Le procès en islamophobie qu’il intentait ainsi à Samuel Paty tout comme la rhétorique victimaire dont il usait, utilisée par la propagande djihadiste pour attaquer nos libertés sous couvert de lutte contre une prétendue discrimination, étaient d’une telle virulence qu’un internaute les signala sur Pharos.
Acquittement
Aujourd’hui, les avocats de Sefrioui qualifient d’« aberration intellectuelle et judiciaire » la mise en accusation de leur client pour « association de malfaiteurs terroriste criminelle » au motif que l’instruction n’a pas permis d’établir qu’Abdoullakh Anzorov a vu cette vidéo avant d’assassiner Samuel Paty ; ils plaideront donc l’acquittement.
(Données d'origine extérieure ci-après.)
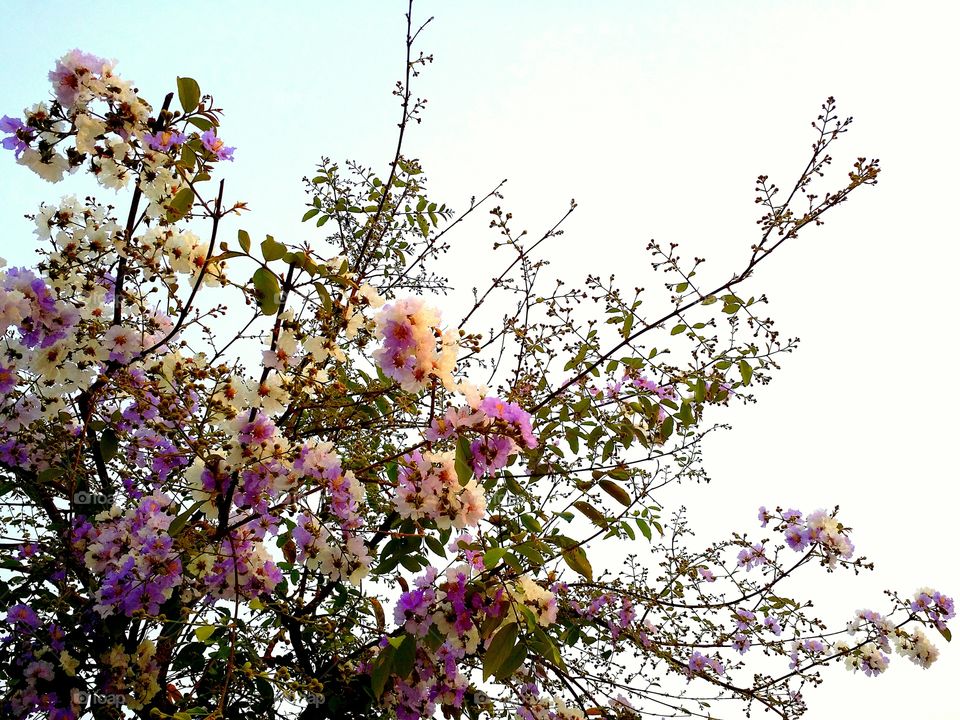 The flowers blooming in Spring season.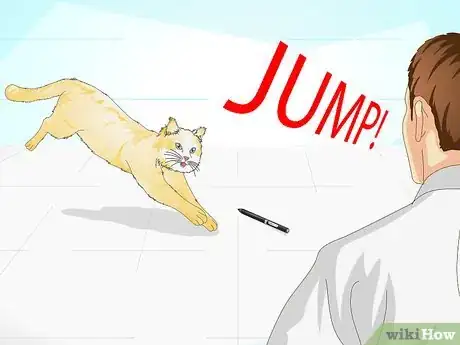 Image titled Clicker Train a Cat Step 17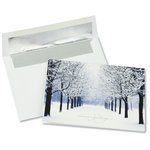 Winter's Path Greeting Card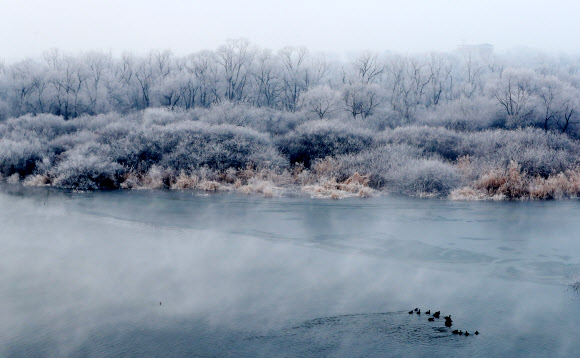 22일 오전 강원 춘천시 소양강에 첫 상고대가 활짝 피어올라 그림 같은 풍광을 연출하고 있다. 2019.1.22  연합뉴스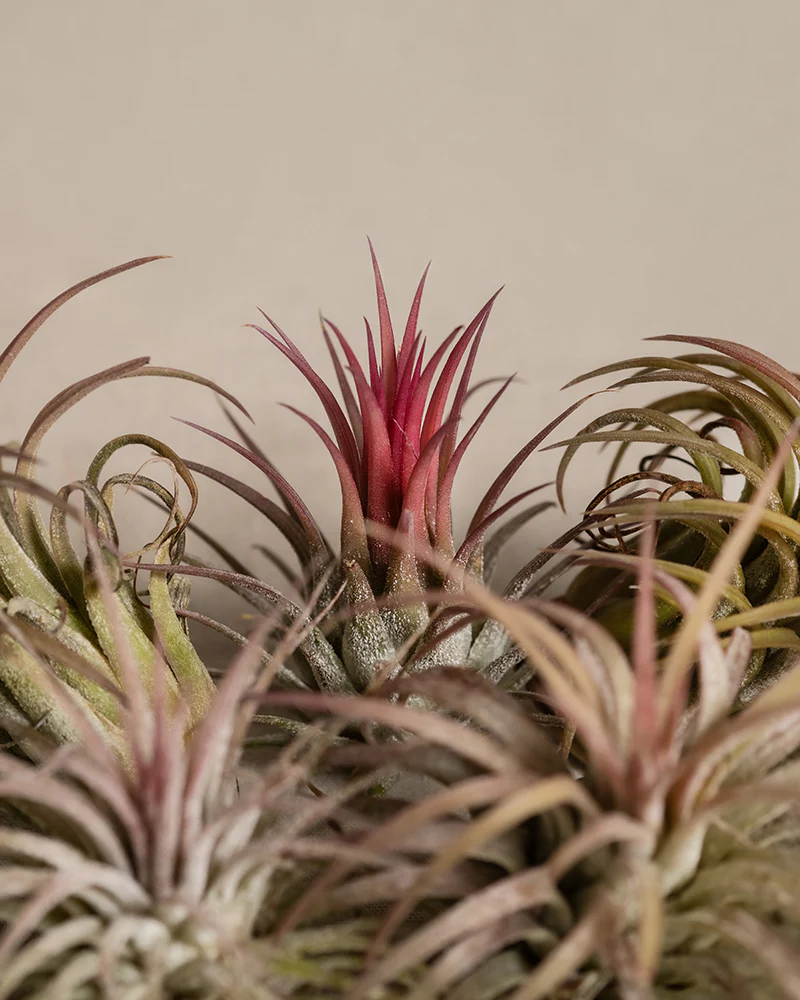 Luftpflanzen pink (5 Stk.) - Image 8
Hadi Matar, auteur de l’attentat islamiste perpétré au couteau contre Salman Rushdie le 12 août 2022 à Chautauqua, aux États-Unis, a refusé de dire si la fatwa de l’ayatollah Khomeyni proférée en 1989 à l’encontre de l’auteur des Versets sataniques l’avait inspiré. Pour autant, peut-on en déduire que l’ayatollah Khomeyni ne porte aucune responsabilité dans cet attentat ?
Les avocats de Sefrioui me répondraient que la responsabilité morale n’est pas la responsabilité pénale, et que, pour établir cette dernière, il faut une culpabilité et une imputabilité. Sauf à comprendre que le principe même d’un procès en islamophobie, qui n’est rien d’autre qu’une fatwa lorsqu’il est question de Mahomet, est d’avoir force de loi et d’inviter tous les fidèles à passer à l’acte.
Pendant près de vingt ans, Abdelhakim Sefrioui a affiché son soutien au Hamas et au Hezbollah, mis en place, avec sa librairie, ses réseaux sociaux et son collectif, une stratégie de propagande de leurs discours antisémites et anti-Occident ; il a multiplié les menaces à l’encontre d’acteurs modérés de l’islam ; il a dévoyé la cause palestinienne en collectant des fonds qu’il envoyait à des contacts à Gaza appartenant à la mouvance radicale et en organisant des manifestations où il fustigeait la France, exactement comme Elias d’Imzalène aujourd’hui, lui aussi fiché S, ardent pourfendeur de la loi dite « séparatisme » à la tête du collectif Urgence Palestine et qui, en septembre dernier, appelait à l’intifada dans les rues de Paris aux côtés des Insoumis Louis Boyard et Rima Hassan.
Cette nébuleuse qui a entrepris de déstabiliser la paix sociale
Rima Hassan aurait-elle pu aussi être en lien avec Abdelhakim Sefrioui ? Peu importe la réponse. Leur activisme pro-Hamas, leur combat contre une « islamophobie d’État », leur dérive antisémite et le fait qu’ils soient défendus par le même avocat permettent de saisir les contours d’une nébuleuse qui, de nos écoles au cœur du pouvoir européen, a entrepris de déstabiliser la paix sociale.
Le lendemain du cours de Samuel Paty sur la liberté d’expression, le profil de Sefrioui était signalé par la principale du collège à sa hiérarchie, qui en informait aussitôt la police municipale, le renseignement territorial et le ministère de l’Intérieur. Mais, pendant les onze jours qui suivirent, la seule chose qui occupa tous ces services fut d’éviter le « trouble à l’ordre public avec risque de retentissement médiatique » que faisait peser la menace d’une manifestation de musulmans devant le collège.
Qu’avait écrit Riss, déjà, dans son édito de Charlie Hebdo du 2 septembre 2020 ? « Nous ne nous coucherons jamais. Nous ne renoncerons jamais. » On aurait aimé que les faits lui donnent raison, mais dans cette affaire, ni la loi, ni l’exécutif, ni l’administration n’auront permis de mettre les prêcheurs de haine hors d’état de nuire et de protéger Samuel Paty. Reste maintenant notre pouvoir judiciaire. Est-il encore debout face à la guerre que nous mène l’islamisme radical ? C’est tout l’enjeu du procès qui s’ouvre le 4 novembre, pour sept semaines, devant la cour d’assises spéciale de Paris.